The notice clarified several ways for servicers to contact a struggling borrower during a required early intervention period as well as the family of a deceased borrower. The clarifications also detail how to work with a borrower in bankruptcy.
The mortgage servicing rules, which take effect in January, hold servicers responsible for contacting struggling borrowers in a timely manner.
As servicing implementation enters its final phases, we heard from many sources that it was important to address these remaining issues to ensure a smooth transition and provide certainty to the market, said CFPB director Richard Cordray, in the press release. When mortgage servicers better understand the rules they have to follow, that is better for consumers.
Among the biggest concerns servicers had with the rule was with regard to how they should deal with a borrower in the process of bankruptcy since there are greater legal protections for consumers under the bankruptcy code.

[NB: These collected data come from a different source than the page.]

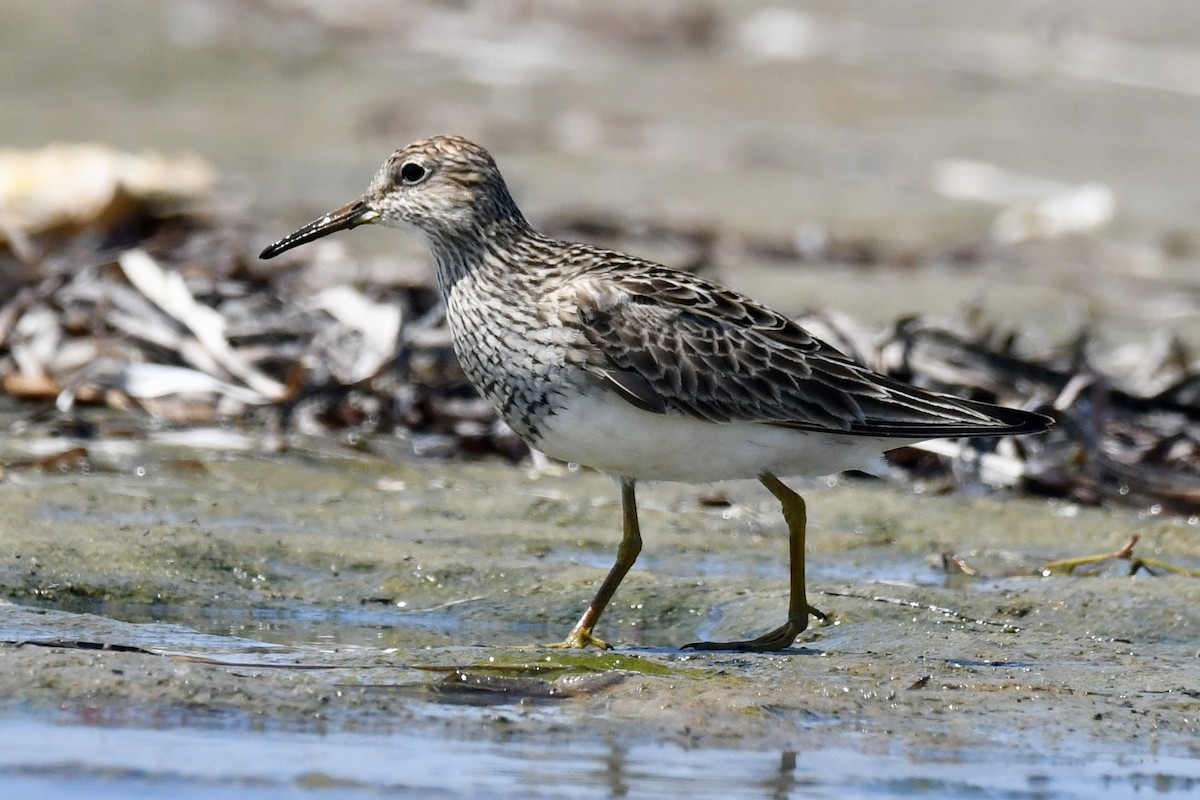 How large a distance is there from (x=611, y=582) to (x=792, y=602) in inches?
19.2

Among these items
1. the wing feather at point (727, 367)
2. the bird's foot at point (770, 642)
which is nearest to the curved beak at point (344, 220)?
the wing feather at point (727, 367)

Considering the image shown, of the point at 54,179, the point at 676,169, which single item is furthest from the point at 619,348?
the point at 676,169

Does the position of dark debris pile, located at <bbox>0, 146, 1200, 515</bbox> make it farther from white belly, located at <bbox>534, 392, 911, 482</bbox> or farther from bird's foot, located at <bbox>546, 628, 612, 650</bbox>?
bird's foot, located at <bbox>546, 628, 612, 650</bbox>

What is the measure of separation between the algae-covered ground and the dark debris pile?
316mm

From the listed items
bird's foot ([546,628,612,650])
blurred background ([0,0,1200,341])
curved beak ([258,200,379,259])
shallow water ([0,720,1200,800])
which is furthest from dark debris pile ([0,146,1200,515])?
shallow water ([0,720,1200,800])

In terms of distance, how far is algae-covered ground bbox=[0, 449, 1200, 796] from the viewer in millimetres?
3992

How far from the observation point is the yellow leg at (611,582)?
16.0 feet

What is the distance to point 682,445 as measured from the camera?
515 cm

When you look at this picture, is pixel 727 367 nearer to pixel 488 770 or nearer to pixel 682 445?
pixel 682 445

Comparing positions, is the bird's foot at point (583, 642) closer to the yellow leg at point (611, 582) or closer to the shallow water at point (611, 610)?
the yellow leg at point (611, 582)

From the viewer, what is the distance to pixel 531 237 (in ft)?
18.7

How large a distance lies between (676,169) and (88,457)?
277 inches

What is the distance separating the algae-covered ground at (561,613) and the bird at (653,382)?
0.34 m

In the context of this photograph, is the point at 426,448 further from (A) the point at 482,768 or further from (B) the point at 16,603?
(A) the point at 482,768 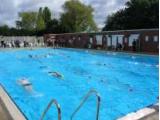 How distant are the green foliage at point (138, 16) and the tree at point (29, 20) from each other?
88.2 feet

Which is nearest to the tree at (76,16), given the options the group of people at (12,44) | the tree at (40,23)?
→ the tree at (40,23)

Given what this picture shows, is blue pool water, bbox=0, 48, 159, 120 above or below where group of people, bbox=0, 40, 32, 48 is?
below

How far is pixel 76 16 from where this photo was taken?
5362cm

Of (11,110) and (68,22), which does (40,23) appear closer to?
(68,22)

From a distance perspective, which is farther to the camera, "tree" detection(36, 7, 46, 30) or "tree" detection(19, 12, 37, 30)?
"tree" detection(19, 12, 37, 30)

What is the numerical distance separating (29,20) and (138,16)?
33.1 metres

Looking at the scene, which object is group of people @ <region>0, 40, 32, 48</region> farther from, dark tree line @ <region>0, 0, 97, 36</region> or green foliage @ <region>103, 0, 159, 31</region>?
dark tree line @ <region>0, 0, 97, 36</region>

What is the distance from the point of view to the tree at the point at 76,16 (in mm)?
52250

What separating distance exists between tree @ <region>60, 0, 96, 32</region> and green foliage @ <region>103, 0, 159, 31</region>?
13372 mm

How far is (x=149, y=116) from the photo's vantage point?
582 cm

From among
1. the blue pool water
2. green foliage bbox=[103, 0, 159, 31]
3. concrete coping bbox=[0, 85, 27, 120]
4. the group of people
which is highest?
green foliage bbox=[103, 0, 159, 31]

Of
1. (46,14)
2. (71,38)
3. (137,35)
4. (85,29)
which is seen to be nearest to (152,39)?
(137,35)

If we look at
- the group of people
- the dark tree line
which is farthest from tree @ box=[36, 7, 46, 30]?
the group of people

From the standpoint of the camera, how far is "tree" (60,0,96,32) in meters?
52.2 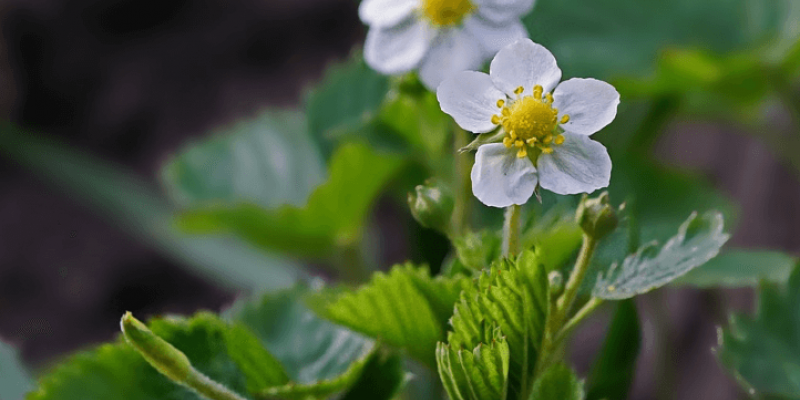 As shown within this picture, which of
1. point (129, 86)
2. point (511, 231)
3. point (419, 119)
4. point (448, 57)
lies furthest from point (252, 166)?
point (129, 86)

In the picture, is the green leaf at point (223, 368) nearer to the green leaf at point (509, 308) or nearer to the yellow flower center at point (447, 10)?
the green leaf at point (509, 308)

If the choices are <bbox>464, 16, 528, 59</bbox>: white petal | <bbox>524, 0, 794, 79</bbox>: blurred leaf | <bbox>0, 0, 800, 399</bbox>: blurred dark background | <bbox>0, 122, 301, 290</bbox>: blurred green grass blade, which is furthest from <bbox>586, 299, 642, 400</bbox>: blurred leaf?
<bbox>0, 0, 800, 399</bbox>: blurred dark background

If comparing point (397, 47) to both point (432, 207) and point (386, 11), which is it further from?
point (432, 207)

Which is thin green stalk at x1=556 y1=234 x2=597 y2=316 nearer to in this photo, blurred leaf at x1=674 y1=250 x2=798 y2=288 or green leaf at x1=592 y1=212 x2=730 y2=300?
green leaf at x1=592 y1=212 x2=730 y2=300

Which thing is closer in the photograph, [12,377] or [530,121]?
[530,121]

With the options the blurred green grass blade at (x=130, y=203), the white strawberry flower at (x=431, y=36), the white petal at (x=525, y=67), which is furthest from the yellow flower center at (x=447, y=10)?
the blurred green grass blade at (x=130, y=203) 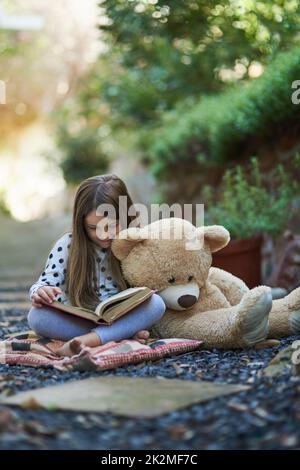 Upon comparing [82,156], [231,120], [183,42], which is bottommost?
[82,156]

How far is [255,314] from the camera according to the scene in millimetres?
2609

The CFPB said that servicers are not required to send periodic account statements or take certain early intervention with bankrupt borrowers. However, the agency added that further assessment is warranted with regard to how its new mortgage servicing rule intersects with bankruptcy law.
The CFPB also added that servicers are still required to send certain notices to a borrower who requests not to be contacted under the Fair Debt Collection Practices Act unless it involves an ongoing defaulted borrower.
“Specifically, servicers must communicate with the borrower with regard to requests for loss mitigation, information requests, error resolution, force-placed insurance, initial interest rate adjustment of adjustable-rate mortgages and periodic statements,” the notice said. “However, servicers will not be required to provide certain early intervention contacts or ongoing notices of interest rate adjustments to delinquent borrowers who have instructed the servicer to stop communicating with them.”
Part of the CFPBs new rule requires servicers to intervene early with delinquent borrowers by attempting to contact the borrower every time a payment is missed and offer prevention assistance. However, the CFPBs clarification expanded what it considers appropriate contact to include when a collection call is made or when the borrower is being evaluated for loss mitigation.
The agency also gave examples for how servicers must communicate with next of kin when a borrower dies who was in the process of home retention. This includes evaluating the heirs ability to take on the mortgage payments or proceed with loss mitigation efforts when necessary.
The mortgage servicing rules are among a series of regulations, including the qualified mortgage rule, that take effect Jan. 10.